▸ **Action item**:
Your task is to restate every entry below word for word and omit the images.

▸ **Image-text web data**:
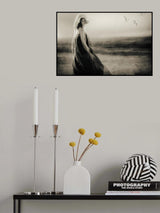 I'd give it all Poster och Canvastavla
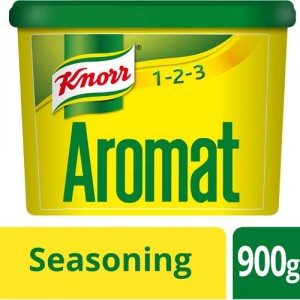 Aromatt Seasoning 3x900g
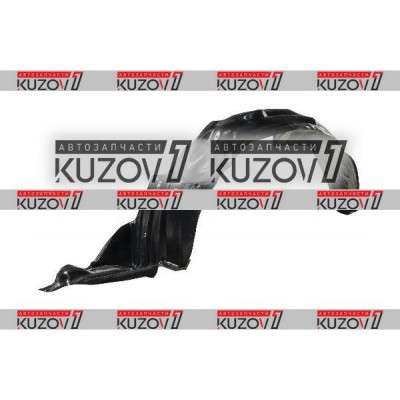 Подкрылок передний (левый) Lian Tuoh для Toyota Corolla 1991-1997 VII E10 - фото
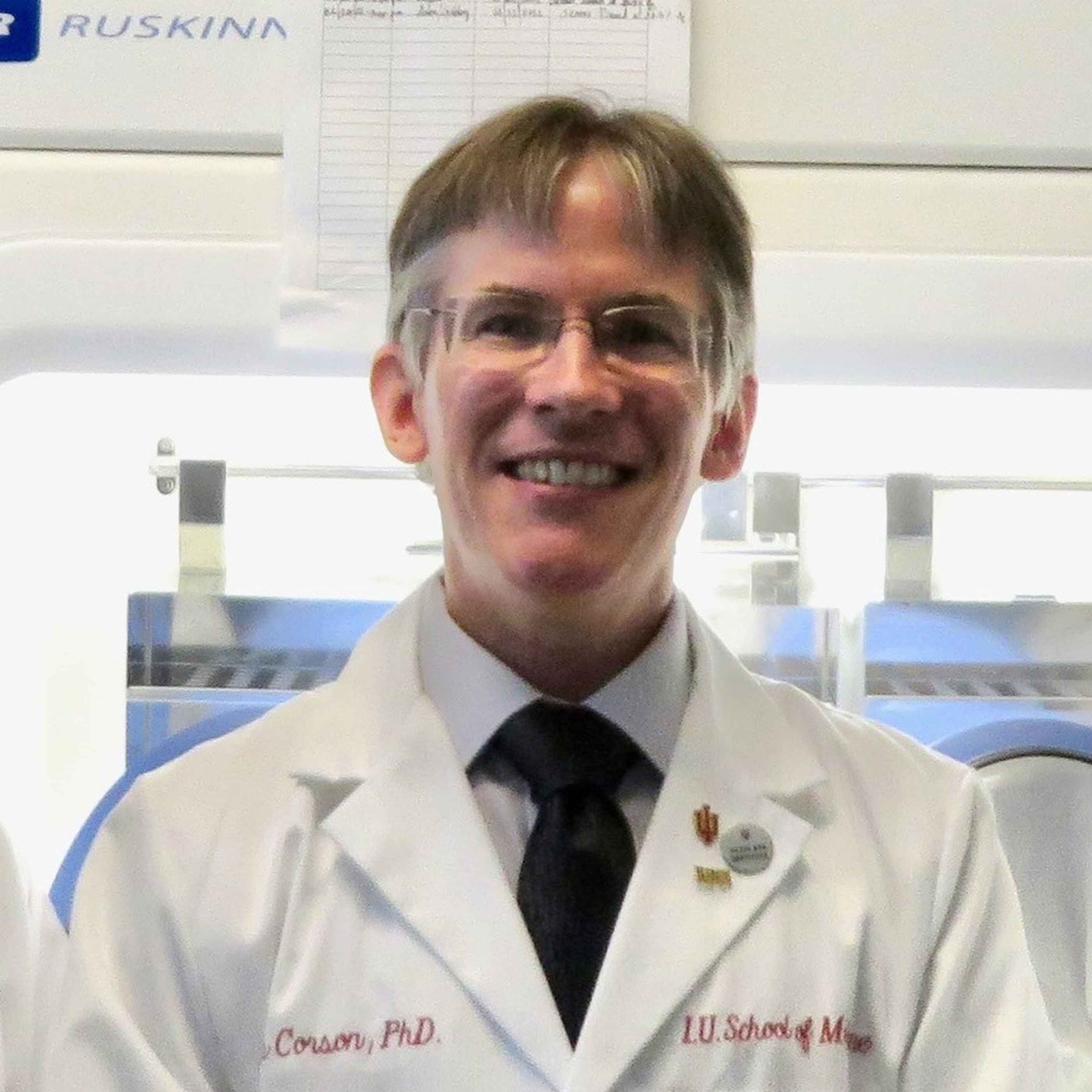 Dr Tim Corson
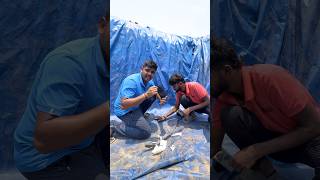 Underwater Secret Room #teluguexperiments #shorts #shortvideo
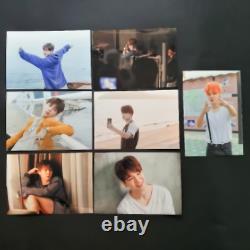 BTS OFFICIAL PHOTOCARD Butterfly Dream EXHIBITION LIMITED VERY RARE JIMIN LOT 7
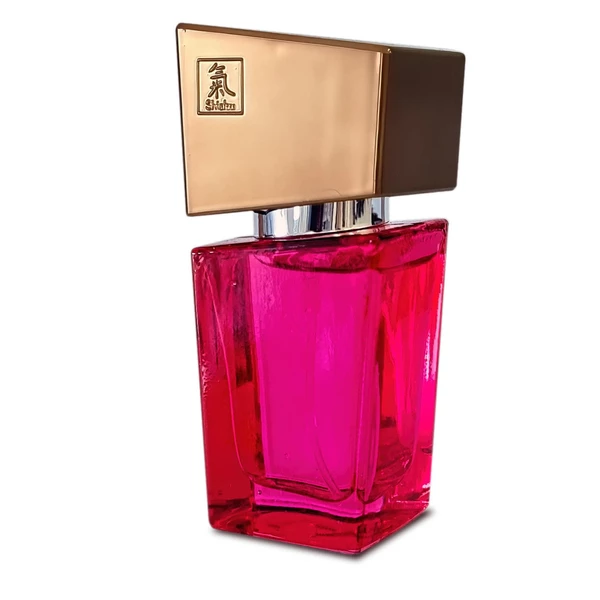 Hot Shiatsu Pheromon Fragrance Woman Pink 15 Ml - Perfumy z feromonami damskie
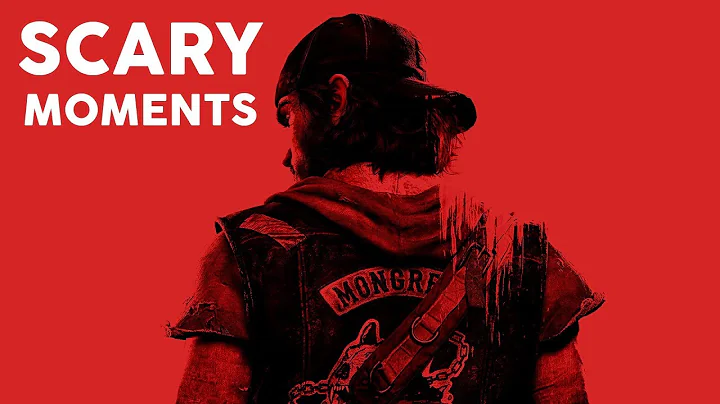 DAYS GONE Funny Scary Moments
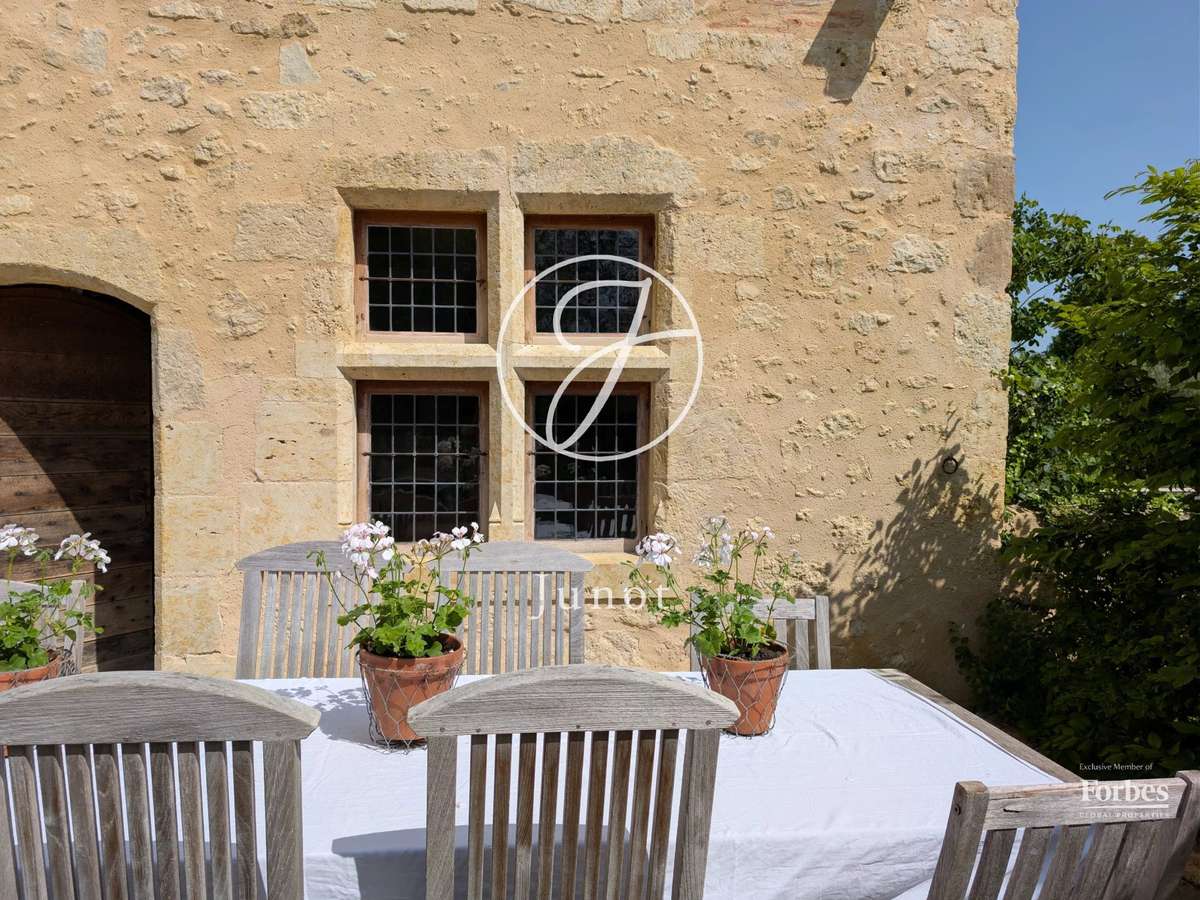 Château Vic-Fezensac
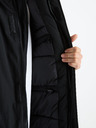 Celio Schwarze Herren-Winterjacke Celio Fuchunlon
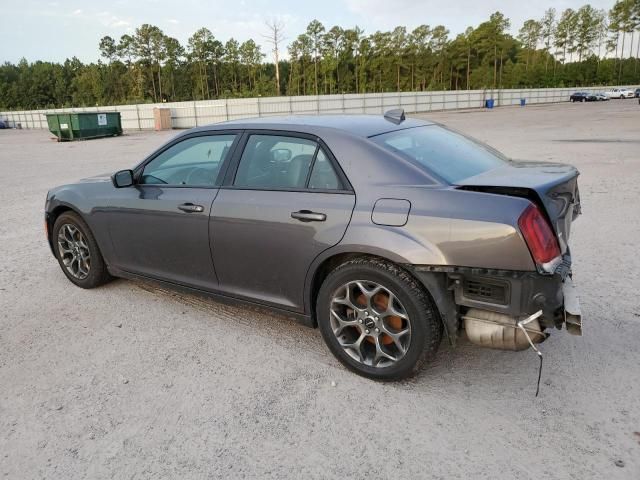 2015 Chrysler 300 S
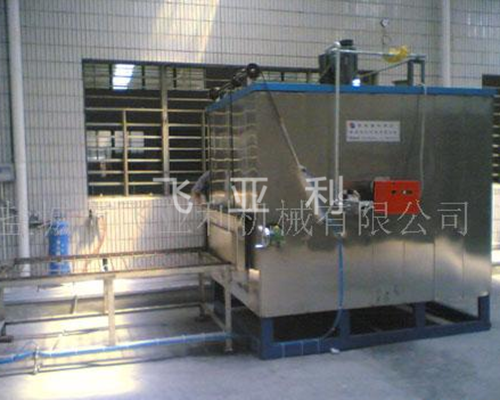 北京铜质散热器钎焊炉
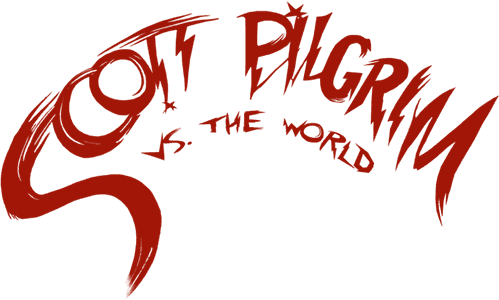 Scott Pilgrim vs. the World — logos 6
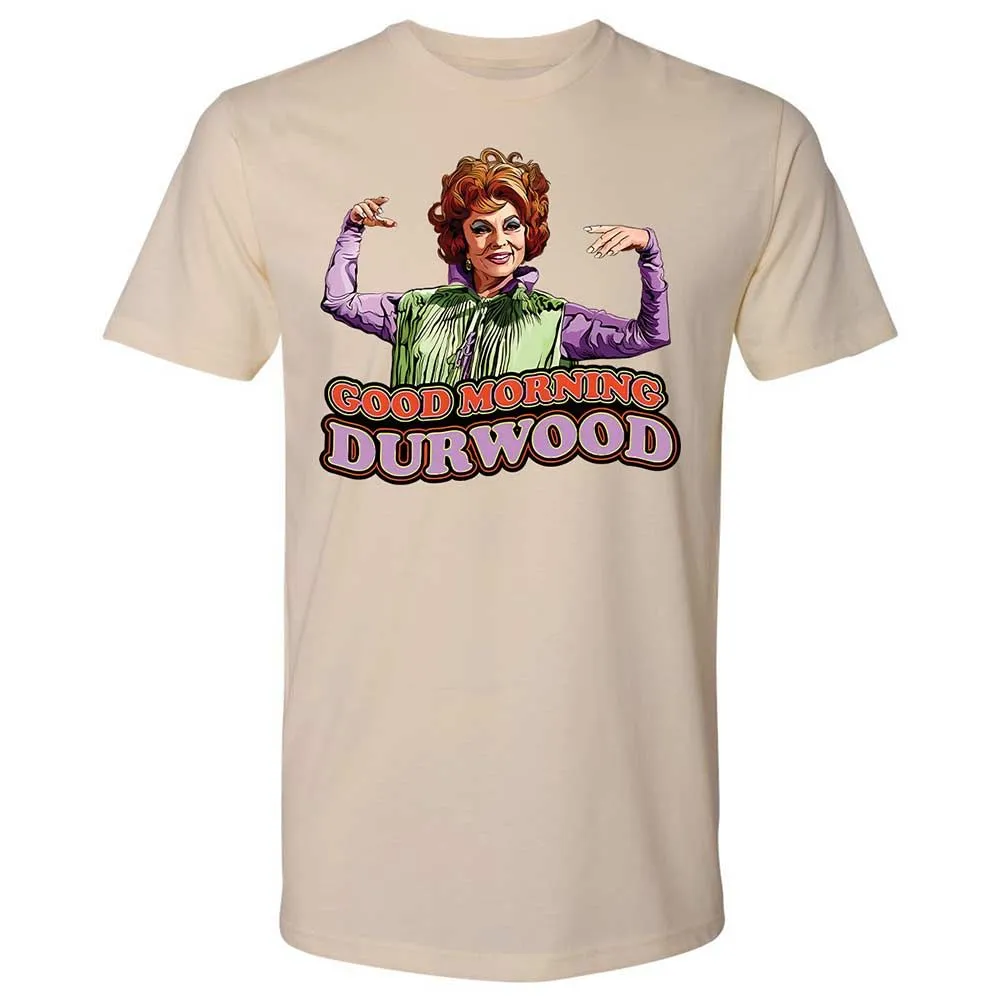 Good Morning Durwood - Cream - 8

▸ **Result of this exercise**:
 I'd give it all Poster och Canvastavla
 Aromatt Seasoning 3x900g
 Подкрылок передний (левый) Lian Tuoh для Toyota Corolla 1991-1997 VII E10 - фото
 Dr Tim Corson
 Underwater Secret Room #teluguexperiments #shorts #shortvideo
 BTS OFFICIAL PHOTOCARD Butterfly Dream EXHIBITION LIMITED VERY RARE JIMIN LOT 7
 Hot Shiatsu Pheromon Fragrance Woman Pink 15 Ml - Perfumy z feromonami damskie
 DAYS GONE Funny Scary Moments
 Château Vic-Fezensac
 Celio Schwarze Herren-Winterjacke Celio Fuchunlon
 2015 Chrysler 300 S
 北京铜质散热器钎焊炉
 Scott Pilgrim vs. the World — logos 6
 Good Morning Durwood - Cream - 8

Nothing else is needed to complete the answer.